A third of Year 6 children are overweight
February 22, 2008
Nearly one in four children aged four to five and almost
a third of 10 to 11-year-olds in England are overweight
or obese, the Government said yesterday.
The figures came from the National Child Measurement Programme, which weighed and measured about 80 per cent of children in their first and last years of primary school as part of a scheme to fight obesity.
Nationally, the figures show that in 2006-07, 22.9 per cent of children in the reception class were overweight or obese. By the time they were ready to leave primary school, the proportion had risen to 31.6 per cent.
In both age groups, boys were more likely than girls to be overweight or obese. Perhaps the most striking figure was the proportion of 10 to 11-year-old boys classified as obese - 19 per cent.
Broken down by region, London had the worst figures – 11.3 per cent in Year one and 20.8 per cent in Year six – while the southeast coast had the lowest for Year one (8.5 per cent), and the southwest the lowest for Year six (14.9 per cent).
Dawn Primarolo, the Public Health Minister, said: “Whilst these figures come as no surprise, it is encouraging that 80 per cent of children in Years one and six have been weighed and measured.
“Knowing how many children are overweight or obese and spotting trends is key to ensuring that families, communities, public services, industry and Government take the right action in tackling obesity.

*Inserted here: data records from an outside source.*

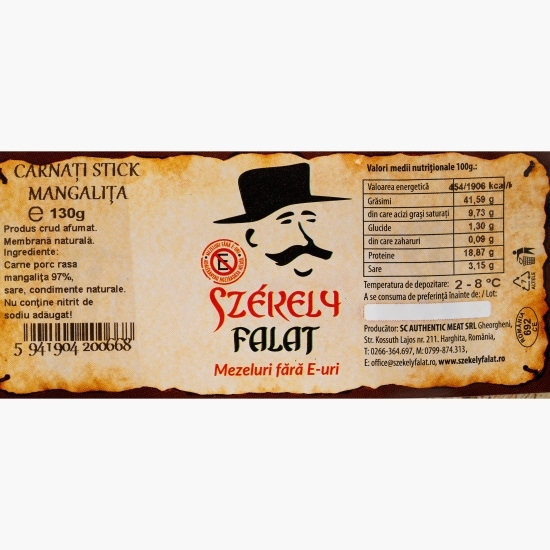 Cârnați Stick Mangalița 130g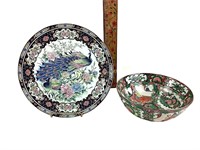 Famille Rose Medallion porcelain bowl.  Toyo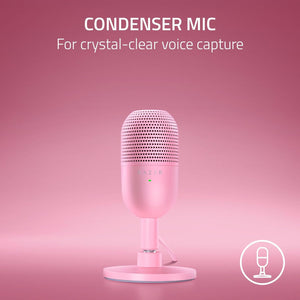 Microphone Razer Seiren V3 Mini, Pink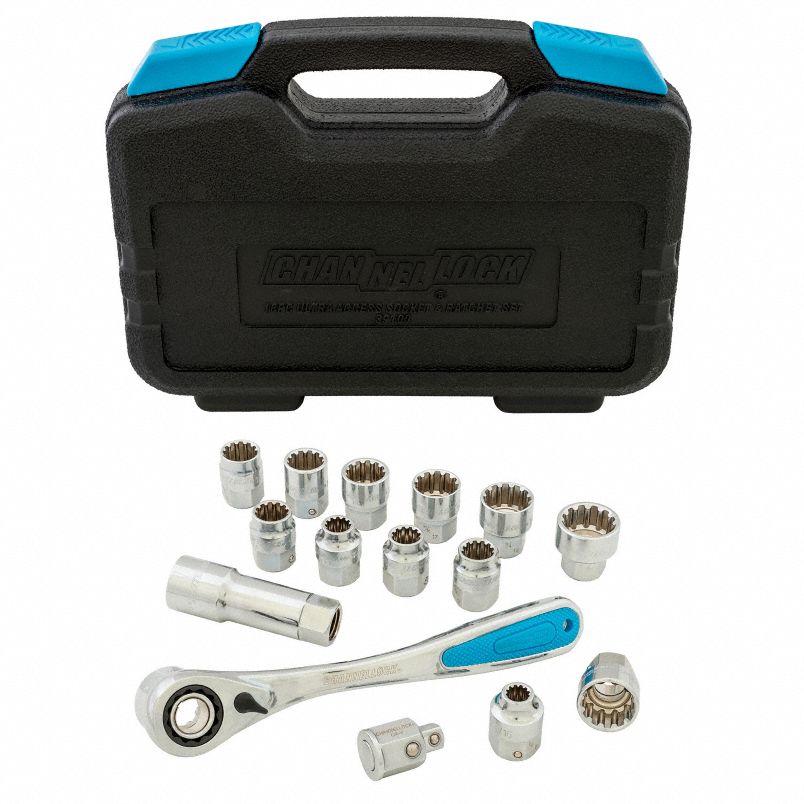16 PC. PASS-THRU UNI-FIT®  SOCKET SET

Through measures such as providing the right information and support to parents to ensure a healthy diet and regular exercise for children, we hope to support families to lead healthier lives.”
Tam Fry, of the Child Growth Foundation, said that the increase in the proportion of overweight or obese children between reception and Year six was worrying.

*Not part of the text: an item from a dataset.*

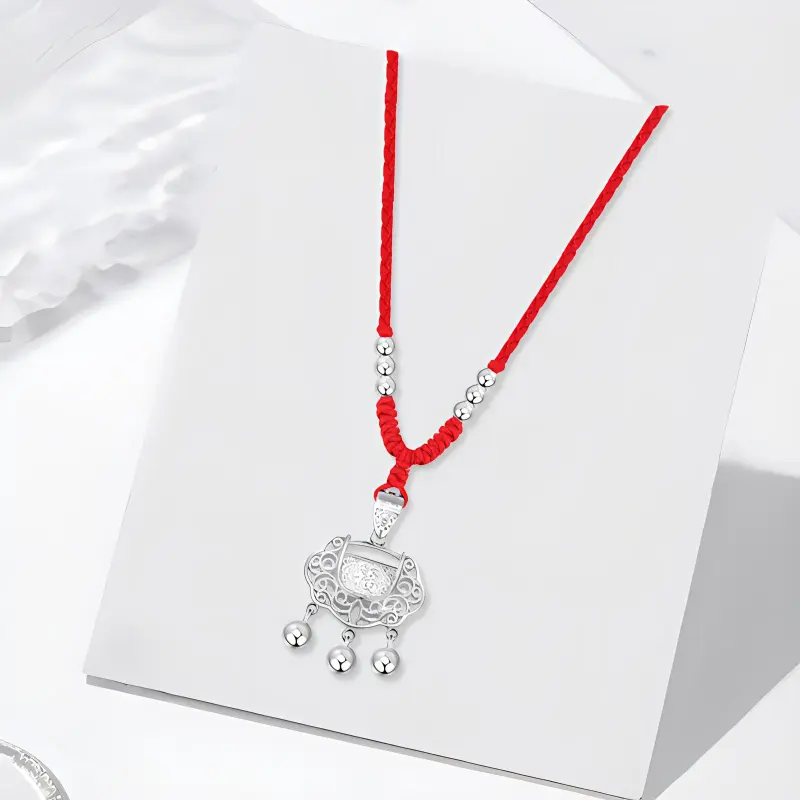 YOASOBI 999 Fine Silver Necklaces Unisex-4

“That shows that despite everything that is being done, supposedly, in school, we still have a 10 per cent increase in the first five years.
“And to have 22.9 per cent overweight or obese by the time they start school is disastrous. The Government really must start looking at preschool children to stop this happening.”
Kevin Brennan, the Children’s Minister, said that initiatives had already been taken, including banning junk food from vending machines in schools, introducing nutritional guidelines and making cookery compulsory in most schools from September.
He said that 86 per cent of children now enjoyed at least two hours of high quality PE and sport each week, and there were plans to increase this to five hours each week by 2011.
Norman Lamb, the Liberal Democrat health spokesman, said: “It is a stark wake-up call when we see that over a quarter of our children are overweight before they even start secondary school.
“Worryingly, the scale of the problem may be worse than these figures suggest as the fear of being bullied as ‘fat’ may mean that some of the heaviest children could be in the 20 per cent of children who weren’t weighed.
“Action needs to be taken before children even start school, yet information about healthy living is not getting through to new parents as health visitor numbers decline and school nurses are overstretched.”
Andrew Lansley, the Conservative Shadow Health Secretary, said: “Labour have been shamefully complacent about obesity. It’s typical of their short-term thinking that they still won’t prioritise public health and have allowed budgets for measures to help people stay healthy to be raided to offset NHS deficits. This is despite warnings that obesity could cost £50 billion a year by 2050.
“It’s taken the Government nearly four years to get this programme up and running. These statistics must lead to meaningful action.” Stuart Barber, of the British Heart Foundation, said that the figures were distressing but it was not too late to reverse the trend. “Young children are particularly susceptible to junk food advertising, which continually urges them to put their hearts and long-term health at risk.
“How can our children be expected to make informed food choices if healthy food messages are constantly drowned out by a tidal wave of junk food marketing? This was a major omission from the Government’s obesity strategy, and the Government must take action now by banning all junk food marketing to children.”